The balance between the I/O cost of merging and the I/O cost of lookups and space-amplification can be tuned using two knobs.

  • The size ratio T between the capacities of adjacent levels; T controls the number of levels of LSM-tree and thus the overall number of times that entry gets merged across levels.
  • Merge policy; It controls the number of times an entry gets merged within a level.

Major 2 Merge Policies

  • Tiering
  • Leveling


    Overview of an LSM-tree using tiering and leveling merge policies

In both cases, the merge is triggered by the buffer flushing and causing Level 1 to reach capacity. With tiering, all runs at Level 1 get merged into a new run that gets placed at Level 2. With leveling, the merge also includes the preexisting run at Level 2.

Size-Tiered compaction strategy (STCS). The idea of STCS is fairly straightforward, as illustrated here:

image.png

As usual, memtables are periodically flushed to new sstables. These are pretty small, and soon their number grows. As soon as we have enough (by default, 4) of these small sstables, we compact them into one medium sstable. When we have collected enough medium tables, we compact them into one large table. And so on, with compacted sstables growing increasingly large.
The full STCS algorithm is more complex than what we just described, because sstables may have overlapping data or deletions and thus the compacted sstables have varying sizes that don’t fall neatly into “small, medium, large, etc.” categories. Therefore STCS tries to fit the sstables into buckets of similarly-sized sstables, and compacts sstables within each of these buckets. Understanding these details is not necessary for the point of this post, but if you’re curious, refer to this blog post from 2014 or any other documentation of Scylla’s or Cassandra’s size-tiered compaction strategy.
Size-tiered compaction has several compelling properties which made it popular as the first and default compaction strategy of Cassandra and Scylla, and of many other LSM implementations. It results in a low and logarithmic (in size of data) number of sstables, and the same data is copied during compaction a fairly low number of times. We’ll address these issues again, using measures called read amplification and write amplification, in the following posts. In this post, we want to focus on the weakest aspect of size-tiered compaction, known as space amplification. This weakness is what eventually led to the development of alternative compaction strategies, such as leveled compaction and hybrid compaction which we will investigate in the next two posts.

总结: 针对Size-tiered compaction,每一层最多有T个sstable,每一个sstable里面的key均为有序的。每T个sstable会被merge成一个大的sstable到下一层。即为图中所示,sstable一层比一层大T倍。size-tiered compaction的写放大相对较小,但存在space amplification的问题。space amplification 意味着存储的大小大于数据被一个sstable所存储的大小。导致space amplification的原因是在merge的过程当中,需要同时保持上一层和merge后的一层的数据,最终导致数据大小翻倍。另外一种merge策略Leveled Compaction Strategy (LCS)意图解决space amplification的问题,但带来了新的问题:write amplification。

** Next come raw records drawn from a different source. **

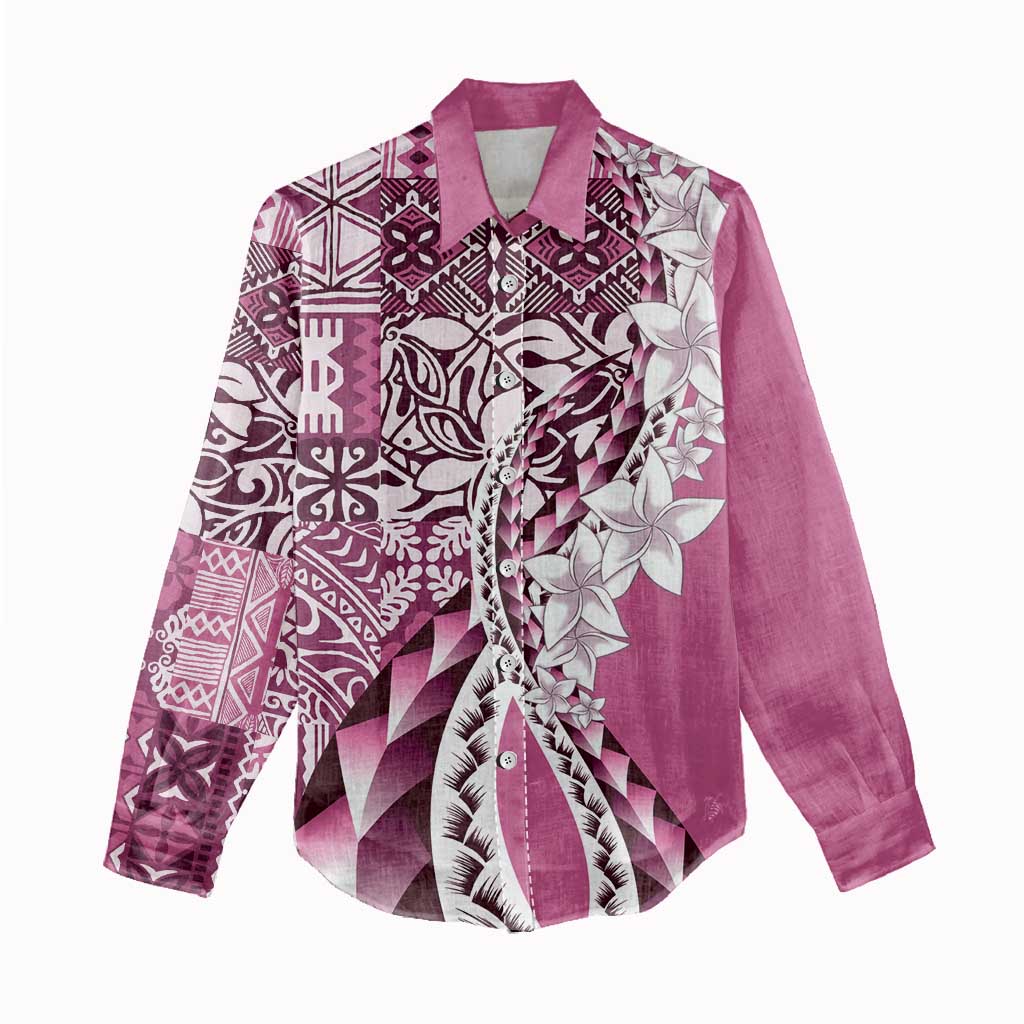 Aloha Vintage Plumeria Hawaiian Tapa Pattern Women Casual Shirt Pink Hawaiian Tapa Pattern - Polynesian Pride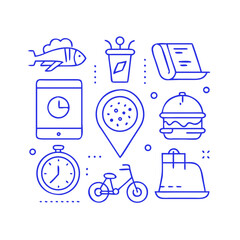 &ldquo;Minimal outline icons &mdash; delivery scooter, courier, food bag, pizza box, burger, mobile order app, location pin, stopwatch &mdash; thin stroke vector.&rdquo;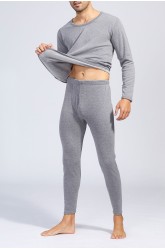 Gray Men's Plus Velvet Thick Thermal Underwear Suit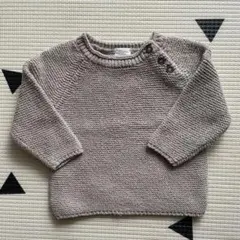 monbebe グレージュ　ニットセーター ボタン付き　韓国子供服　Sサイズ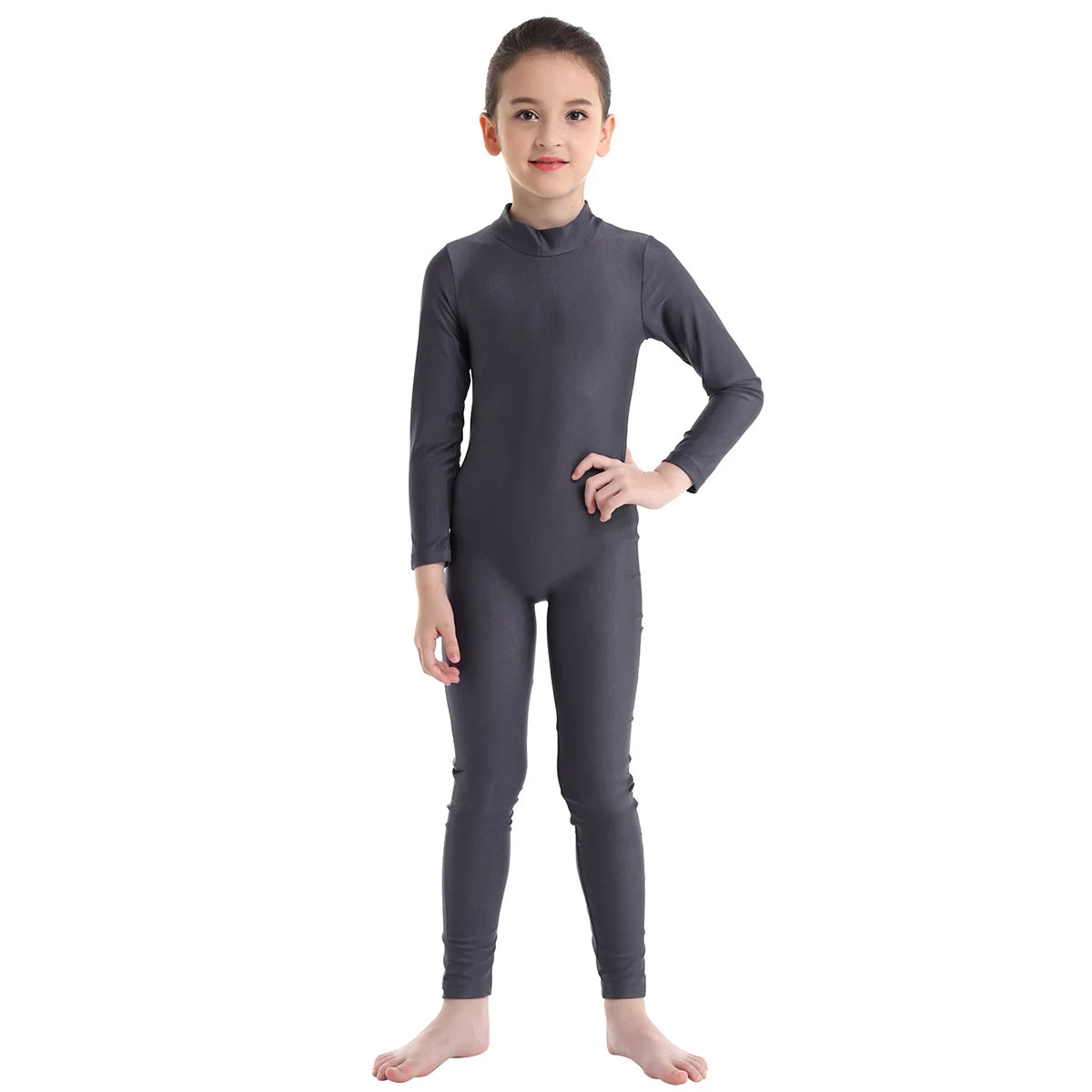Kids Girls Full Body Suit Gymnastics Bodysuit Ballet Dance Jersey Leotard Jumpsuit Sports Unitard Children Dancewear Sportwear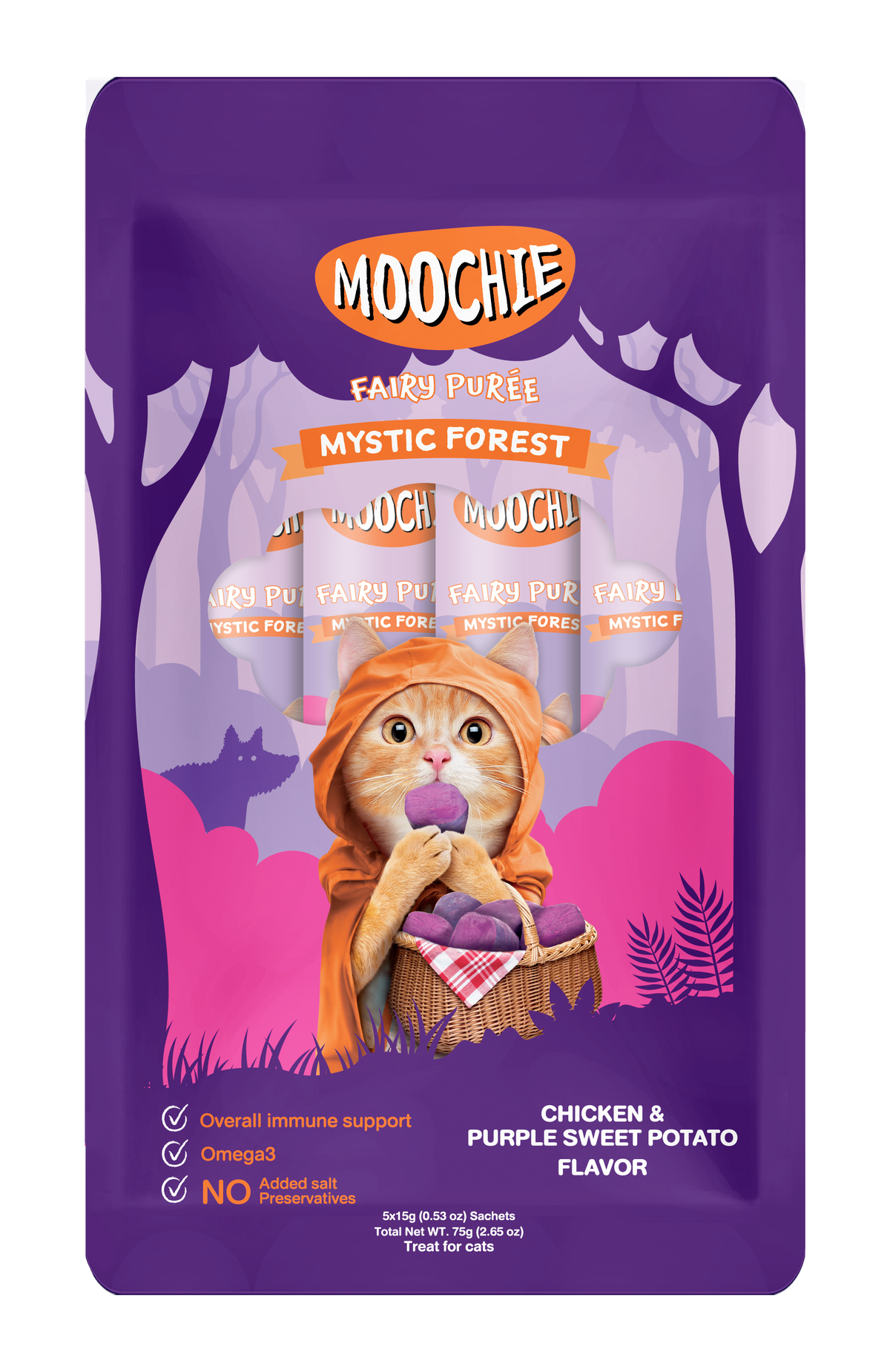 MOOCHIE TUBO GATO POLLO Y BATATA MORADA 75GR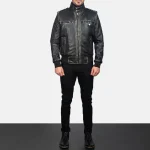 Men's Glen Street Black Leather Bomber Jacket Wearing Look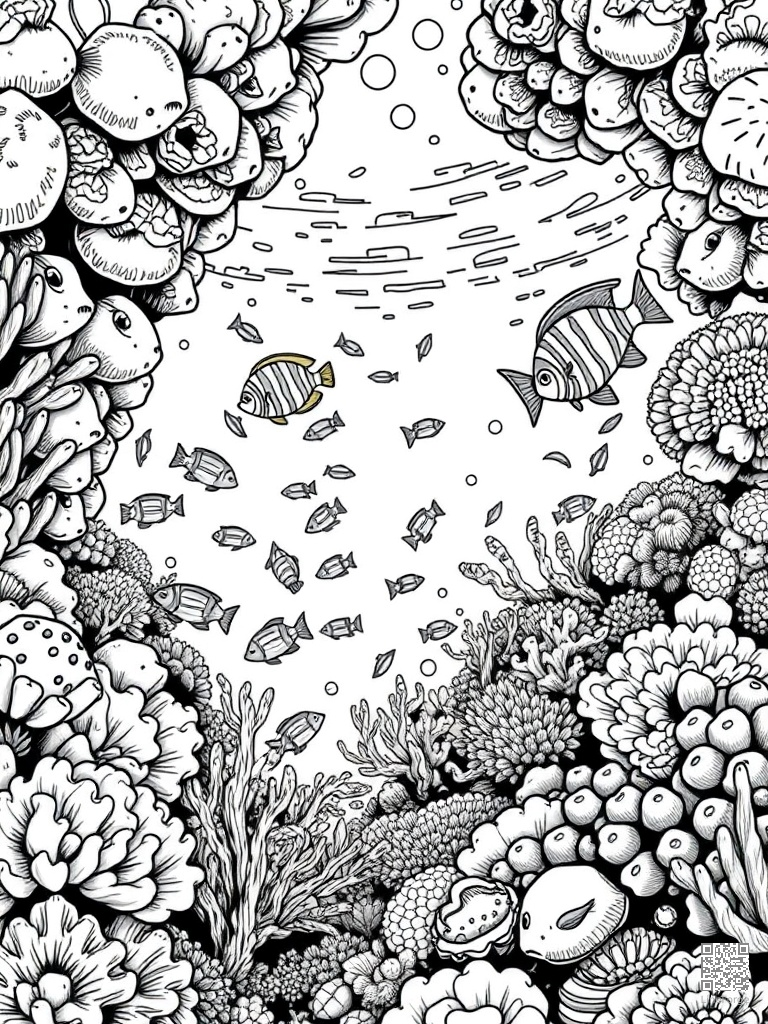 Free tropical coral reef snorkeling with colorful fish coloring page in manga style — printable line art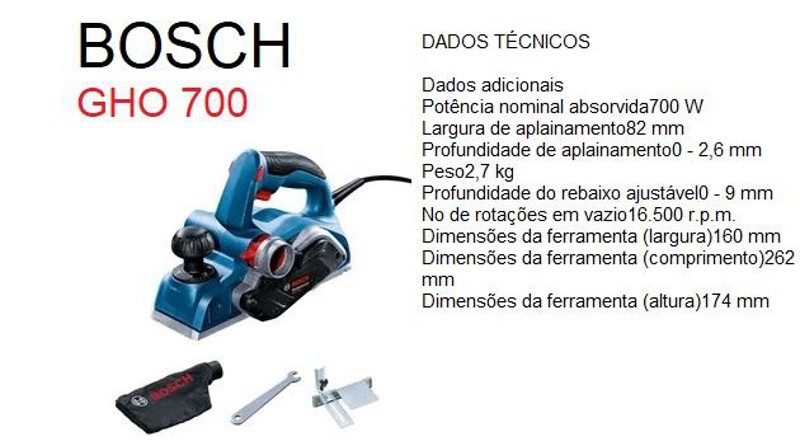 PLAINA ELETRICA 0 - 1.0MM COM 700W GHO 700 BOSCH - 220V 06015A90E0000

The Leveled Compaction Strategy was the second compaction strategy introduced in Apache Cassandra. It was first introduced in Cassandra 1.0 in 2011, and was based on ideas from Google’s LevelDB. As we will show below, it solves STCS’s space-amplification problem. It also reduces read amplification (the average number of disk reads needed per read request), which we will not further discuss in this post.
The first thing that Leveled Compaction does is to replace large sstables, the staple of STCS, by “runs” of fixed-sized (by default, 160 MB) sstables. A run is a log-structured-merge (LSM) term for a large sorted file split into several smaller files. In other words, a run is a collection of sstables with non-overlapping token ranges. The benefit of using a run of fragments (small sstables) instead of one huge sstable is that with a run, we can compact only parts of the huge sstable instead of all of it. Leveled compaction indeed does this, but its cleverness is how it does it:
Leveled compaction divides the small sstables (“fragments”) into levels:

image.png

Level 0 (L0) is the new sstables, recently flushed from memtables. As their number grows (and reads slow down), our goal is to move sstables out of this level to the next levels.
Each of the other levels, L1, L2, L3, etc., is a single run of an exponentially increasing size: L1 is a run of 10 sstables, L2 is a run of 100 sstables, L3 is a run of 1000 sstables, and so on. (Factor 10 is the default setting in both Scylla and Apache Cassandra).
The job of Leveled compaction strategy is to maintain this structure while keeping L0 empty:

  • When we have enough (e.g., 4) sstables in L0, we compact them into L1.
    We do this by compacting all the sstables in L0 together with all the sstables in L1. The result of this compaction is a new run (large sstable split by our chosen size limit, by default 160 MB) which we put in L1, replacing the entire content of L1.
  • The new run in L1 may have more than the desired 10 sstables. If that happens, we pick one sstable from L1 and compact it into L2:
  • A single sstable in L1 is part of a run of 10 files. The whole run covers the entire token range, which means that the single sstable we chose covers roughly 1/10th of the token range. At the same time, each of the L2 sstables covers roughly 1/100th of the token range. So the single L1 sstable we are compacting will overlap around 10 of the L2 sstables.
  • So what we do is to take the single L1 sstable and the roughly 10 L2 sstables which overlap its token range, and compact those together – as usual splitting the result into small sstables. We replace the input sstables with the compaction results, putting the results in L2 (note that L2 remains a single run).
  • After we compacted a table from L1 into L2, now L2 may have more than the desired number of sstables, so we compact sstables from L2 into L3. Again, this involves compacting one sstable from L2 and about 10 sstables from L3.
    And so on.

总结:针对Leveled Compaction Strategy,引入runs的概念。一个run包含多个小sstable。每次merge为一个run和另外一个run之间的操作。为了优化merge操作,merge的时候选择一个sstable和下一层的对应key range的T个sstable进行merge。

Fence Pointer
All major LSM-tree based key-value stores index the first key of every block of every run in main memory. These are called fence pointers. The fence pointers take up O(N/B) space in main memory, and they enable a lookup to find the relevant key-range at every run with one I/O.

Bloom Filters
Objective: speed up the point lookups. Each run has a Bloom filter in main memory.
A Bloom Filter is a space-efficient probabilistic data structure used to answer set membership queries.
The false positive rate (FPR) depends on the ratio between the number of bits allocated to the filter and the number of entries in the set.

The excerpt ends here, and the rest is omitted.